Test Cold Winter

von Clemens Eisenberger (22. Juni 2005)

Wie muss sich so etwas wohl anfühlen? Ihr sitzt in einem chinesischen Gefängnis und seit der Spionage angeklagt. Die eigenen Freunde leugnen eure Existenz, aber durch einen Wink des Schicksals, einem alten Freund, könnt ihr aus dem Gefängnis fliehen. Euer Kumpel bietet euch einen neuen Job an - doch auch dieser verfolgt seine ganz eigenen Pläne, die mit eurer Existenz überhaupt nicht konform gehen...
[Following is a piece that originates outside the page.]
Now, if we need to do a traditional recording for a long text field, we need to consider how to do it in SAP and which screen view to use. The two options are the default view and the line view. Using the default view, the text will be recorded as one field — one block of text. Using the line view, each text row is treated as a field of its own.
Der Feind versucht, euch durch eine in den Boden geschossene Kugel aufzuhalten - wenn er meint...Der Feind versucht, euch durch eine in den Boden geschossene Kugel aufzuhalten - wenn er meint...

Der Spielverlauf

Das Spiel beginnt mit einem ersten Übersetzungsschock. Aus dem "Chang-Prison" der englischen Original-Fassung wurde das "Tschang-Gefängnis"! Wenn man sich erst mal von diesem ersten Lacher erholt hat, muss man, nach einigen Zwischensequenzen, einer Taschenlampe mit seinen Augen folgen. Witzigerweise funktioniert das nicht immer. Die ersten paar Minuten des Spieles werden also zu einem einzigen Ärgernis. Ein paar weitere Zwischensequenzen später kennt man zumindest die allgemeine Lage eures Charakters: Ihr seit der Spionage verdächtigt und eure US-Freunde haben euch fallen gelassen wie eine heiße Kartoffel. Ein alter Freund versucht, euch aus dem Gefängnis holen zu lassen. Die ersten paar Levels des Spiels bestehen nur aus typischer Ego-Shooter-Kost. Ihr rennt einfach quer durch die Levels und versucht zwischendurch irgendwelche Pseudo-Taktiken wie "ducken" oder "langsam gehen", wie neu! Dann erledigt ihr ein paar Feinde mit den gefundenen Waffen und sucht einen Schlüssel, der euch wiederum eine Tür weiter bringt. Ist eine Tür mal verriegelt, findet sich sicher im näheren Umkreis eine Sprengladung, mit der ihr sie doch noch entfernen könnt. Wie für einen Gefängnishof üblich, stehen hier und da auch ein paar feste Geschütze in der Landschaft, mit denen ihr den Wachen gehörig das Fürchten lehren könnt. Selbst einen Hubschrauber holt ihr so ohne Probleme vom Himmel.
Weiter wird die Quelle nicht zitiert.